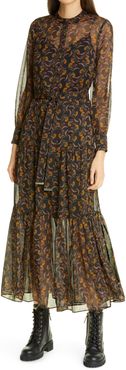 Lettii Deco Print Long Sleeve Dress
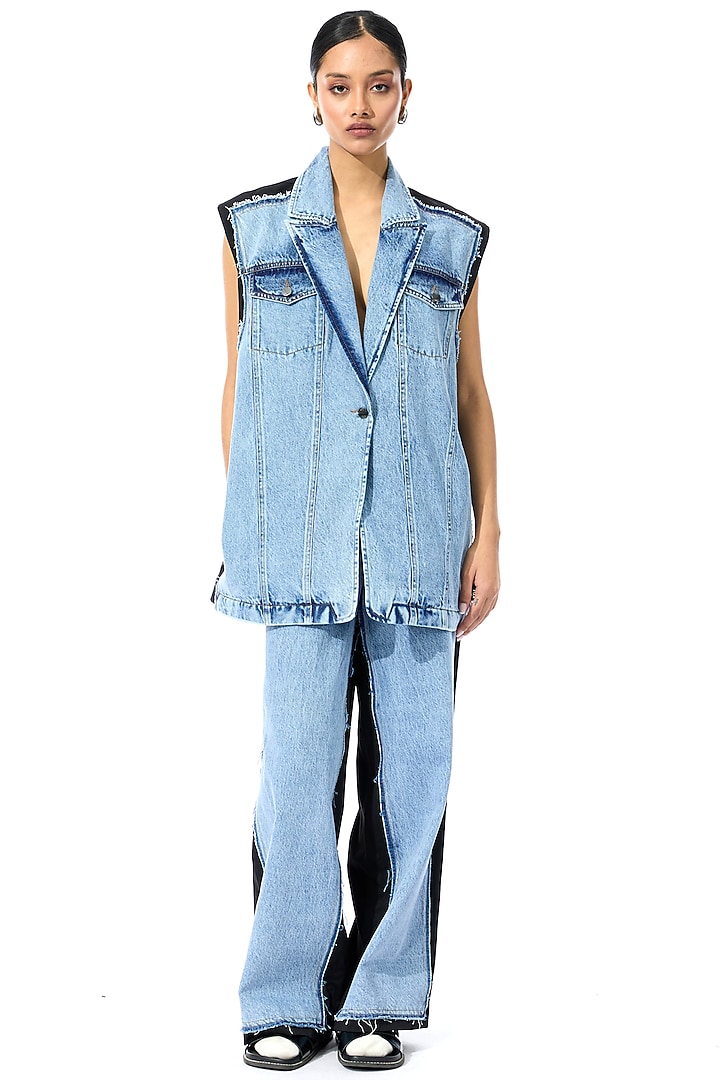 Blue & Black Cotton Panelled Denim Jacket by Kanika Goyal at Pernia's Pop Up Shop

* * *

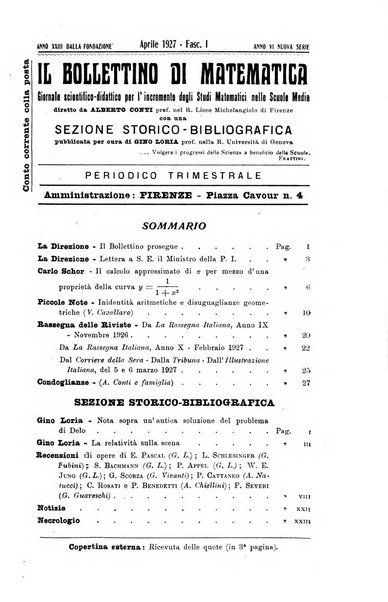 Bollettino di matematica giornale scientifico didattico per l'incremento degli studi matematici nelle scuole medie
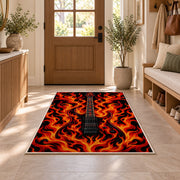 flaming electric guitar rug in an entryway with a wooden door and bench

Try it: Which part of the entries opens with the line containing "Bollettino di matematica" and closes with the line containing "flaming electric guitar"? Output that part exactly, ends included, pictures excluded.

Task output:
 Bollettino di matematica giornale scientifico didattico per l'incremento degli studi matematici nelle scuole medie
 flaming electric guitar rug in an entryway with a wooden door and bench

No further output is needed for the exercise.